Would you please transcribe the data in full and exactly, excluding images?

• Caption-style text data:
:::::

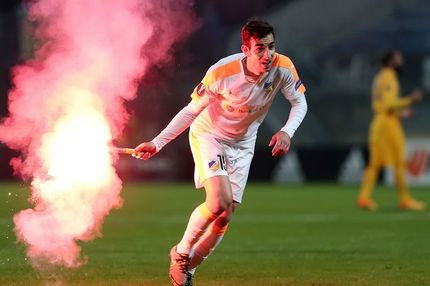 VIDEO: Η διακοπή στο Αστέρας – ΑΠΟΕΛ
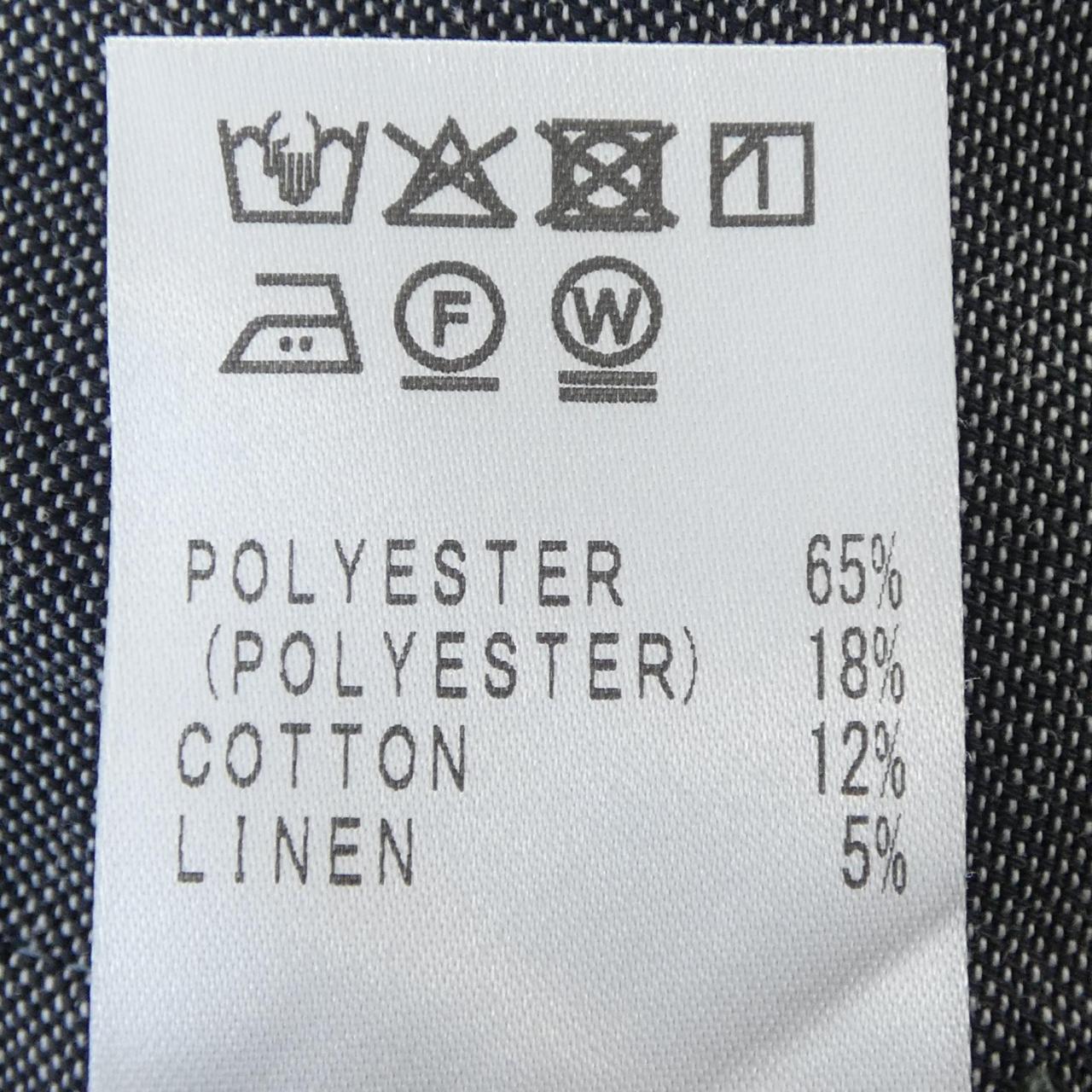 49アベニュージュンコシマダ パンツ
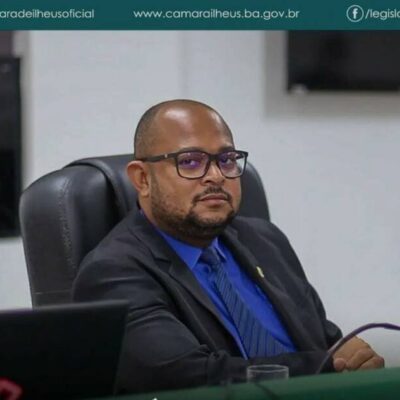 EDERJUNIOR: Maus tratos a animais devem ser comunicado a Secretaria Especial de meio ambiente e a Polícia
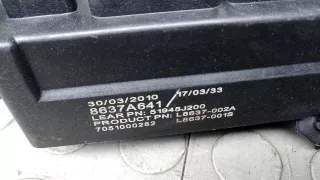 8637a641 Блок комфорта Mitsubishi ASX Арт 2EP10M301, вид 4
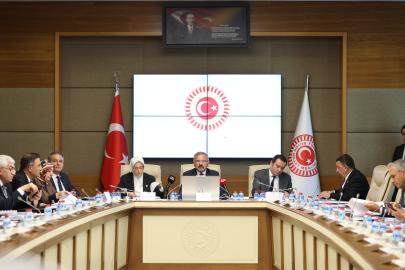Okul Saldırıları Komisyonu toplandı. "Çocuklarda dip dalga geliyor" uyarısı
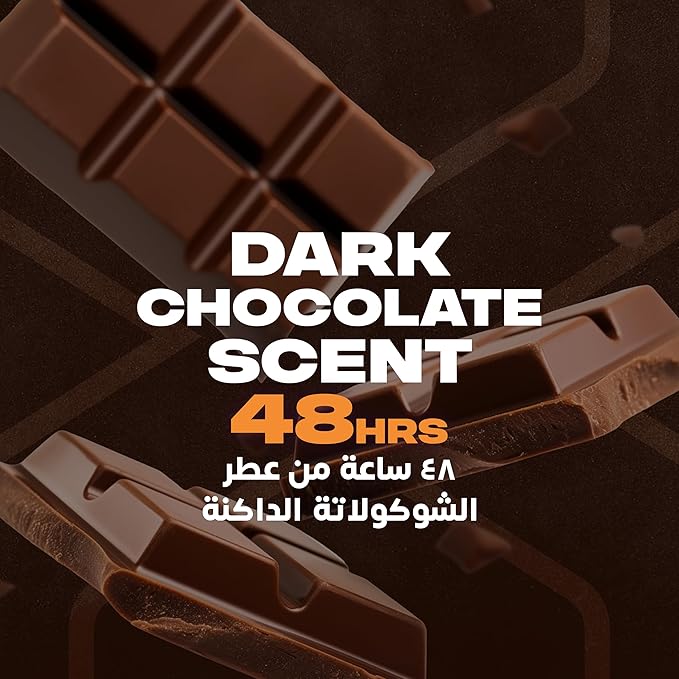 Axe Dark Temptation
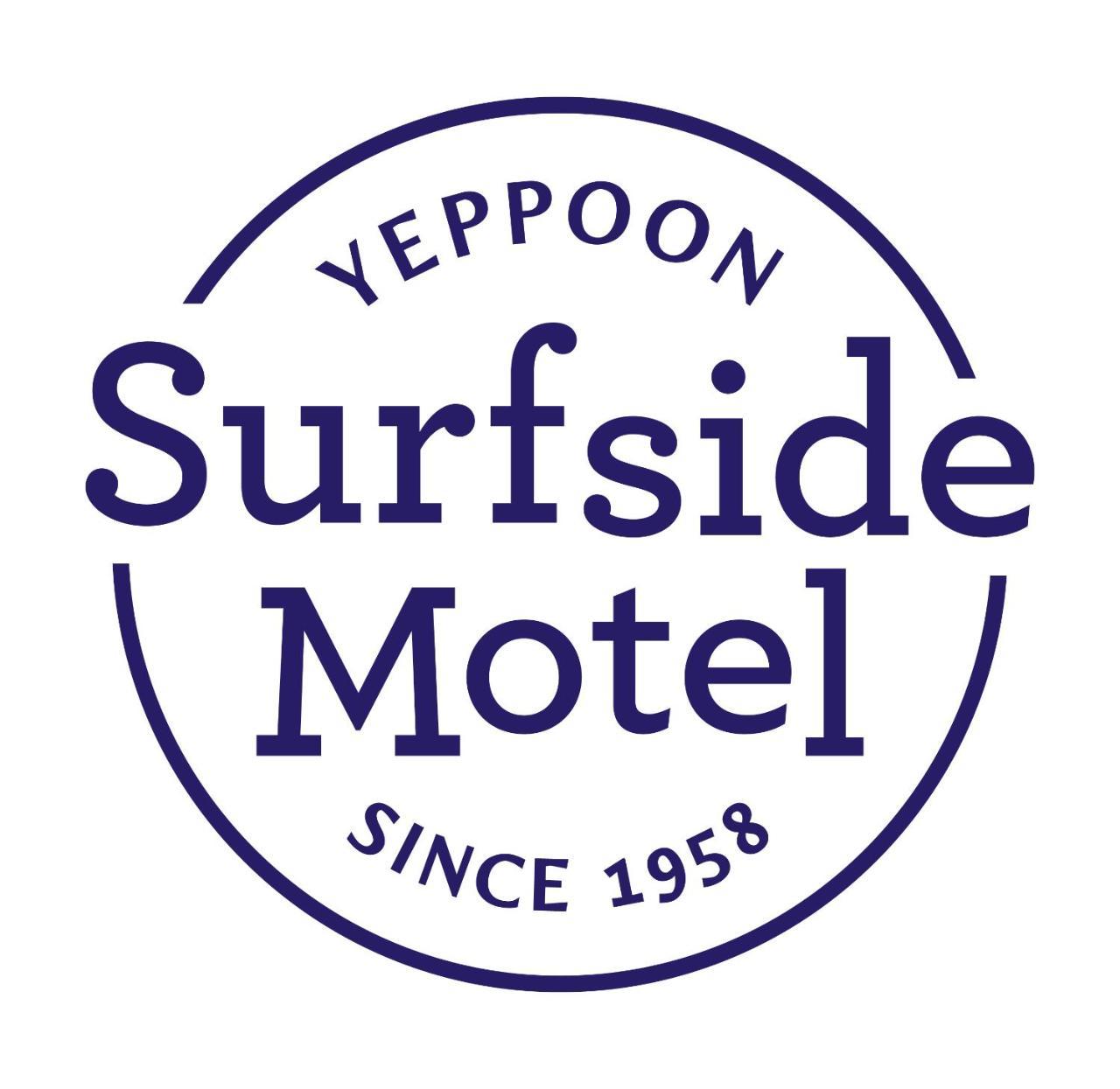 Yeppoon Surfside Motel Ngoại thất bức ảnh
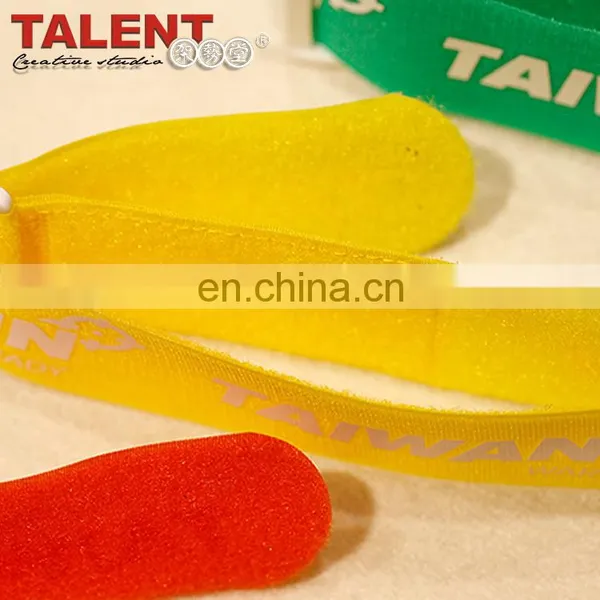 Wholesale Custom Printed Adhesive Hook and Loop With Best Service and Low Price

:::::

• Written solution:
 VIDEO: Η διακοπή στο Αστέρας – ΑΠΟΕΛ
 49アベニュージュンコシマダ パンツ
 EDERJUNIOR: Maus tratos a animais devem ser comunicado a Secretaria Especial de meio ambiente e a Polícia
 8637a641 Блок комфорта Mitsubishi ASX Арт 2EP10M301, вид 4
Okul Saldırıları Komisyonu toplandı. "Çocuklarda dip dalga geliyor" uyarısı
 Axe Dark Temptation
 Yeppoon Surfside Motel Ngoại thất bức ảnh
 Wholesale Custom Printed Adhesive Hook and Loop With Best Service and Low Price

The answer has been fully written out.